▶ **What the task requires**
Could you repeat word for word only the lines from the one containing "Women's Passenger Maine" to the last line of the data below?

▶ **Provided material**
◇ ◇ ◇

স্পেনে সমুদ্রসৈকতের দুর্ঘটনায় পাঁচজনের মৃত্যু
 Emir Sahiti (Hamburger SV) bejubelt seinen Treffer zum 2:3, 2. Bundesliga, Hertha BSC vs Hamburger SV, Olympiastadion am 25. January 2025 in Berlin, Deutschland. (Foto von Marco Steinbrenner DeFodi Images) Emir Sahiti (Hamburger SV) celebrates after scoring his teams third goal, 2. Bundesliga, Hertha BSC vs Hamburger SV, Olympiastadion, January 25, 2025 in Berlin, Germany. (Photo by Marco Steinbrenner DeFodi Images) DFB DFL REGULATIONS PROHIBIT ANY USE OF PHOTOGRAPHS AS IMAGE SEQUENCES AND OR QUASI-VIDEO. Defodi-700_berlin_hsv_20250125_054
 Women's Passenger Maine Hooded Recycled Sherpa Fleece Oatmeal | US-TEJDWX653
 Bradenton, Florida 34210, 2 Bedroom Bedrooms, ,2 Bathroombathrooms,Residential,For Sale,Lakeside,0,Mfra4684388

◇ ◇ ◇

▶ **Written solution**
 Women's Passenger Maine Hooded Recycled Sherpa Fleece Oatmeal | US-TEJDWX653
 Bradenton, Florida 34210, 2 Bedroom Bedrooms, ,2 Bathroombathrooms,Residential,For Sale,Lakeside,0,Mfra4684388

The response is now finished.